• _PROBLEM STATEMENT_
What is needed is an exact copy of the whole listing below, with no pictures.

SOURCE DATA below:

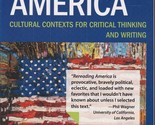 Rereading America: Cultural Contexts for Critical Thinking (EVALUATION C... - £22.97 GBP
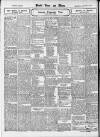 Bristol Times and Mirror Saturday 26 February 1916 Page 22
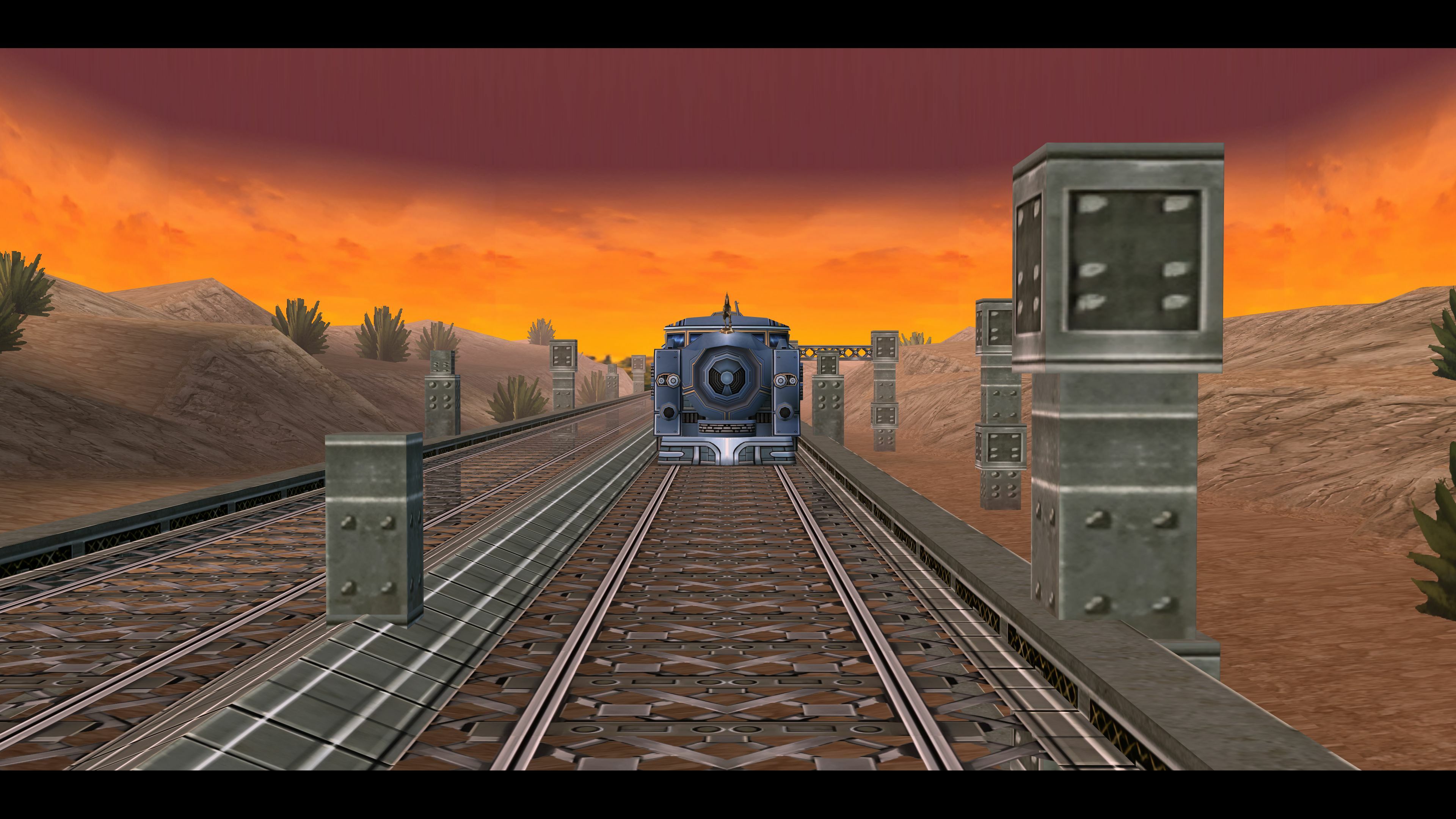 screenshot5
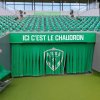 stetienne3a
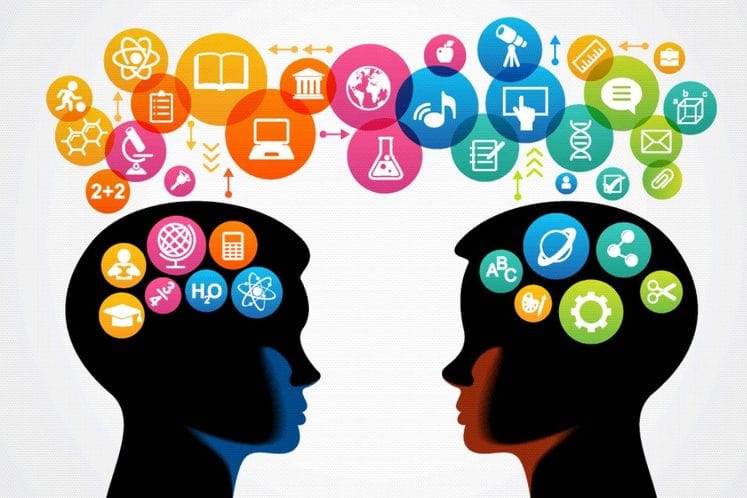 Odluka o raspodjeli sredstava nevladinim organizacijama na osnovu Javnog konkursa „Nauka, ekonomija, društvo“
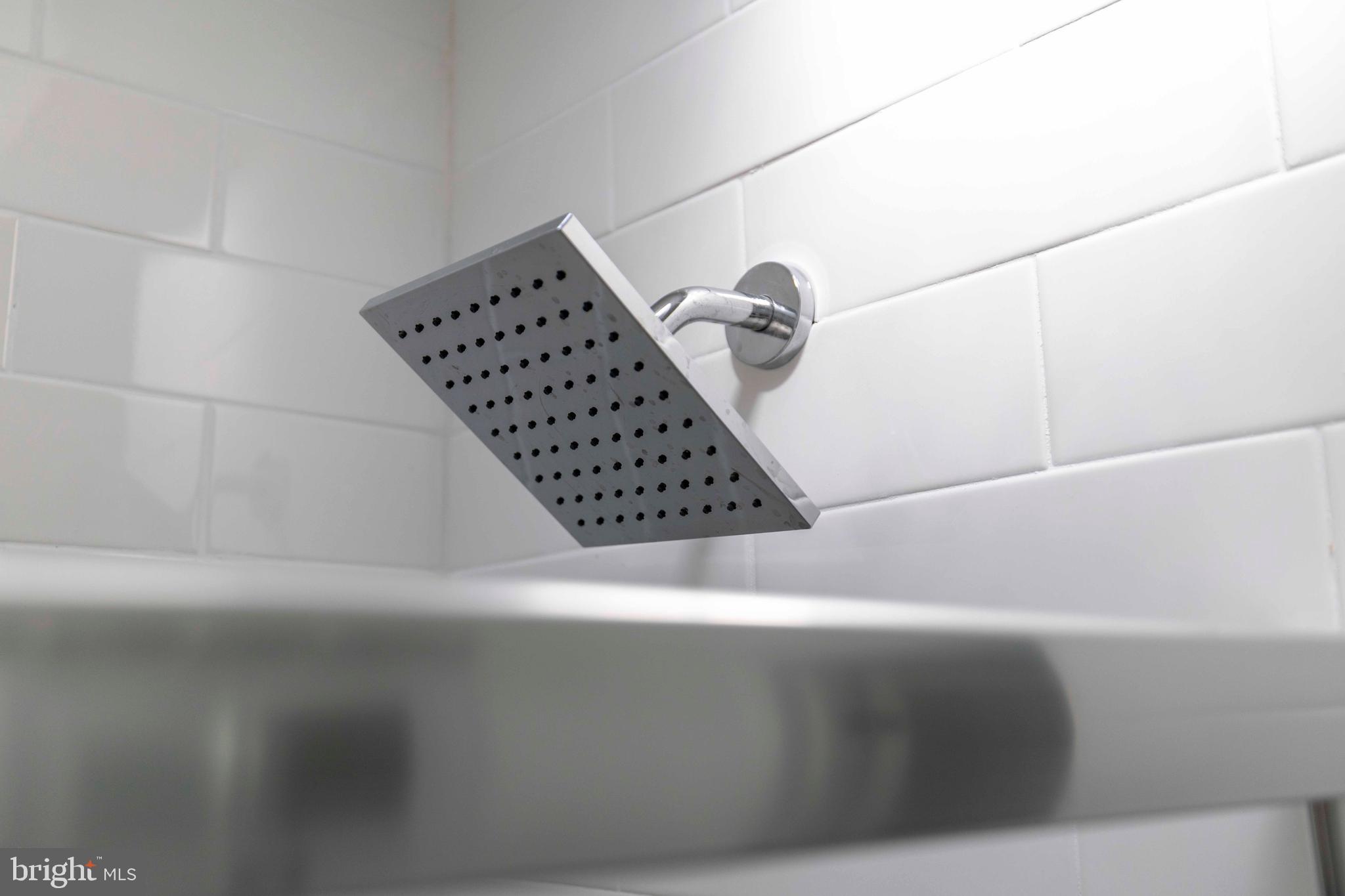 GERMANTOWN (EAST) - Residential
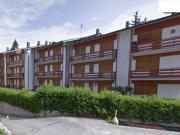 Appartamento in vendita a Bardonecchia TO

End of SOURCE DATA.

• _PROBLEM SOLUTION_
 Rereading America: Cultural Contexts for Critical Thinking (EVALUATION C... - £22.97 GBP
 Bristol Times and Mirror Saturday 26 February 1916 Page 22
 screenshot5
 stetienne3a
 Odluka o raspodjeli sredstava nevladinim organizacijama na osnovu Javnog konkursa „Nauka, ekonomija, društvo“
 GERMANTOWN (EAST) - Residential
 Appartamento in vendita a Bardonecchia TO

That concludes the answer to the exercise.